- **PROBLEM DETAILS**: Beginning at the line that holds "Chanel Suede Ankle Boots Brown - Image 3", repeat every line through the last line of the material, exactly, and drop any pictures.

★ ★ ★ ★ ★

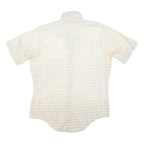 ARROW Mens Cream & Beige Patterned Short Sleeve Shirt L Summer Cotton Focus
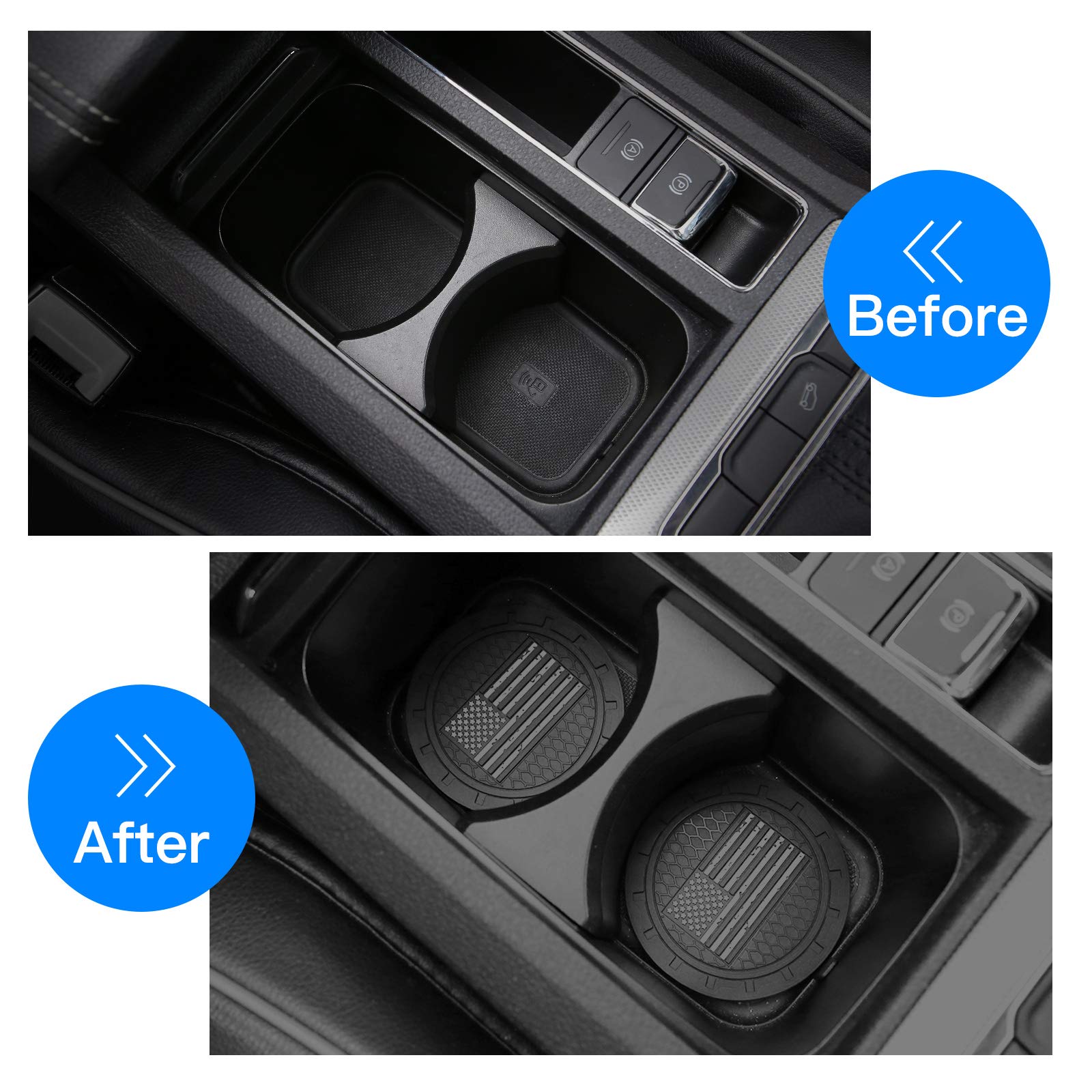 2 Pack Car Coasters, 2.75 Inch American Flag Soft Rubber Cup Holder Pad Set Round Auto Cup Holder Insert Drink Coaster Car Inter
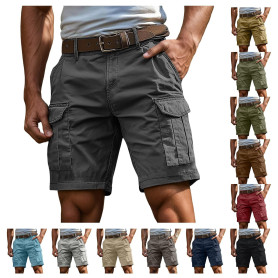 Générique Short Cargo Homme Bermuda Homme Shorts Et Bermudas Travail Coton Ceinture Elastique Boardshort Grande Taille Pantalon 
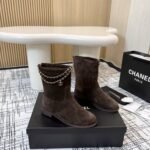 Chanel Suede Ankle Boots Brown - Image 3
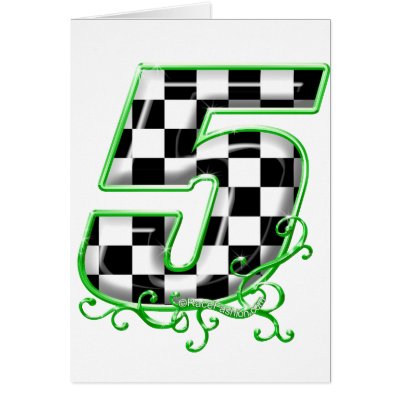 Auto Racing Christmas Cards on Auto Racing Number 5 Green Greeting Card From Zazzle Com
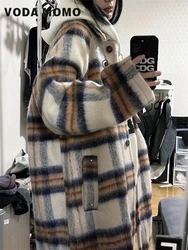 Korean stytle Plaid Woolen Overcoat Women Pocket Design Trend Winter Thickened Jacket Basic Daily High Street Worsteds Jacket
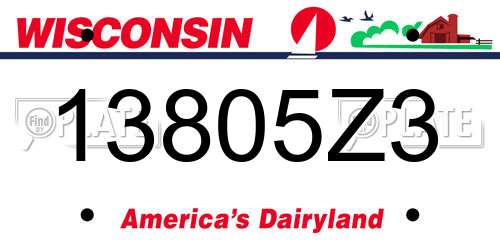 13805Z3 Wisconsin License Plate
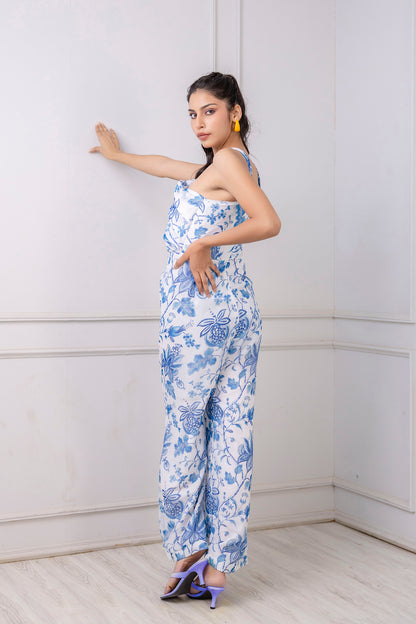 White & Blue Floral Print Keyhole Jumpsuit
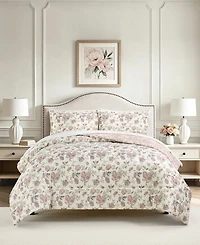 Macy's Painted Rose Reversible Microfiber 3-piece Comforter Set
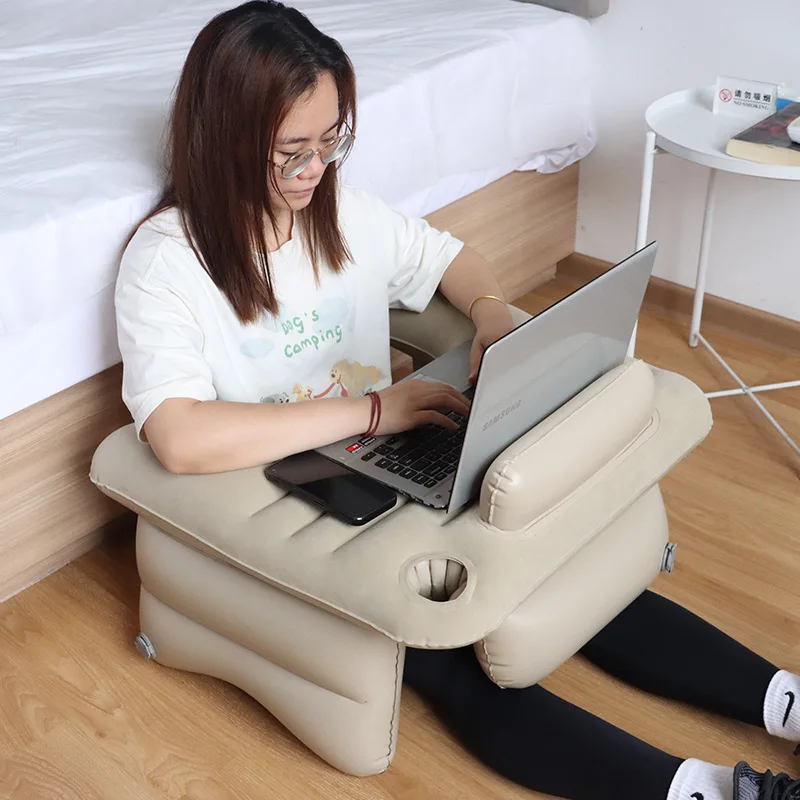 Inflatable study table pillow Game reading table Foldable desk pillow on the knee Adjustable height Computer table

★ ★ ★ ★ ★

- **EXERCISE RESULT**:
 Chanel Suede Ankle Boots Brown - Image 3
 Auto Racing Christmas Cards on Auto Racing Number 5 Green Greeting Card From Zazzle Com
 Korean stytle Plaid Woolen Overcoat Women Pocket Design Trend Winter Thickened Jacket Basic Daily High Street Worsteds Jacket
 13805Z3 Wisconsin License Plate
 White & Blue Floral Print Keyhole Jumpsuit
 Macy's Painted Rose Reversible Microfiber 3-piece Comforter Set
 Inflatable study table pillow Game reading table Foldable desk pillow on the knee Adjustable height Computer table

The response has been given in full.